4.10 Historical vs. Implied Volatility: Results Comparison
Our simulation provided two sets of potential future stock price paths, one based on historical volatility and the other on implied volatility. Here’s a brief comparison:
Historical Volatility: Derived from the stock’s past price movements, our simulation gives us a projection rooted in its historical behavior. In environments where market conditions remain consistent, this could offer a reliable forecast.
BSM Implied Volatility: This represents market expectations. In scenarios where there are anticipated future events or changes in market conditions, the implied volatility may provide a more relevant projection.
By comparing these two simulations, we gain a more comprehensive perspective:
If both simulations align closely, it indicates a consensus between past behavior and market expectations.
Divergence between the two suggests that there are external factors or market expectations not captured by the historical data.
The side-by-side visual representation in the plots further illustrates these dynamics, providing a robust tool for investors to weigh the potential risks and rewards.
5. Concluding Remarks
Financial market dynamics are complex, oscillating between historical trends and ever-evolving market sentiments. Our Monte Carlo simulation, leveraging both historical and implied volatility, offers a rich tapestry of potential outcomes for the stock prices . But like all models, its strength lies not just in the predictions it renders but also in the insights it offers.
Appreciating Uncertainty: One of the most salient takeaways from our analysis is the range of potential outcomes. This range encapsulates the inherent uncertainty in stock price movements, emphasizing the need for risk management.
Informed Decision Making: The simulation offers a a spectrum of possibilities. Investors can use these insights to inform their decisions, whether it’s setting stop-loss orders, determining entry and exit points, or simply adjusting their portfolio’s risk profile.

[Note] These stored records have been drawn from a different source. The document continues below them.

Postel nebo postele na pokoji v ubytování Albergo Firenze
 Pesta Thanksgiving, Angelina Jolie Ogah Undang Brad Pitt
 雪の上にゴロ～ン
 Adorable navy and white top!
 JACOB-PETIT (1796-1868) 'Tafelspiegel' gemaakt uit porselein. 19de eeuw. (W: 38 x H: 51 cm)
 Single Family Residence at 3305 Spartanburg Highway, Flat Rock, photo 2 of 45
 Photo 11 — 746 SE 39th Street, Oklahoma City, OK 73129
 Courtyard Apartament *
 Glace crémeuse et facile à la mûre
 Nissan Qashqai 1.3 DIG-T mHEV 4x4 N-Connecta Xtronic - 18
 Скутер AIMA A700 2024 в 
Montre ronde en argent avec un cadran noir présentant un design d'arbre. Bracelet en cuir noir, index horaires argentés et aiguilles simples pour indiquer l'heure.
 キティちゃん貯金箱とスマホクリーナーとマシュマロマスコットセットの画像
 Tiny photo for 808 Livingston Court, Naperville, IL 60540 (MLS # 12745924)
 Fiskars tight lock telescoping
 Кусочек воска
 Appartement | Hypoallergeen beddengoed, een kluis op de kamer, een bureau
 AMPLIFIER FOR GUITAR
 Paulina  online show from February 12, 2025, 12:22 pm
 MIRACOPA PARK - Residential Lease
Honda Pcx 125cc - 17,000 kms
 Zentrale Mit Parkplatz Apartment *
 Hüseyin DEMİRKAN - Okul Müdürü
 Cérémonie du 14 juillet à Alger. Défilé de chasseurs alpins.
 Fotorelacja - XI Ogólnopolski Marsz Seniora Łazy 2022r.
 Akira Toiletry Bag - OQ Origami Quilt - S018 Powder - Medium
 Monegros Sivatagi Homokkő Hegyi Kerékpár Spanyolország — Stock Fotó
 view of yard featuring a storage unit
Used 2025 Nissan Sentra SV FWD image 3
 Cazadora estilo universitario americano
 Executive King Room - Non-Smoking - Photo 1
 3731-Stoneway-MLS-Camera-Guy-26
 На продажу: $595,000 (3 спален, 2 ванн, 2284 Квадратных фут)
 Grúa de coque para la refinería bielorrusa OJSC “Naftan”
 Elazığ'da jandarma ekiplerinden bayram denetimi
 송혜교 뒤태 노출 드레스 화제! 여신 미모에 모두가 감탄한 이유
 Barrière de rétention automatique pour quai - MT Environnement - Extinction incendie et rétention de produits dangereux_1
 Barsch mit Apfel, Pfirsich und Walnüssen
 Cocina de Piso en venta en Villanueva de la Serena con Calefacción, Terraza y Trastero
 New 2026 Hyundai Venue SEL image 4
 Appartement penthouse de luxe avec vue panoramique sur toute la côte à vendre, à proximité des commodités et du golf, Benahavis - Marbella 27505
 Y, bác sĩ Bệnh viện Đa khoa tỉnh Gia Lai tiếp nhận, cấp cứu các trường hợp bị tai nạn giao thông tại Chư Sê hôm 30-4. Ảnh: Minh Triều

The Importance of Both Historical and Implied Volatilities: Our analysis underlined the significance of considering both past stock movements and market sentiments. While the historical data offers a look into how the stock behaved under past market conditions, implied volatility provides a window into market expectations. By juxtaposing these two, investors can capture a more holistic view of potential stock movements.
In conclusion, tools like the Monte Carlo simulation empower investors to peer into a range of potential tomorrows. It’s a step away from mere speculation and a leap towards informed, data-driven decision-making.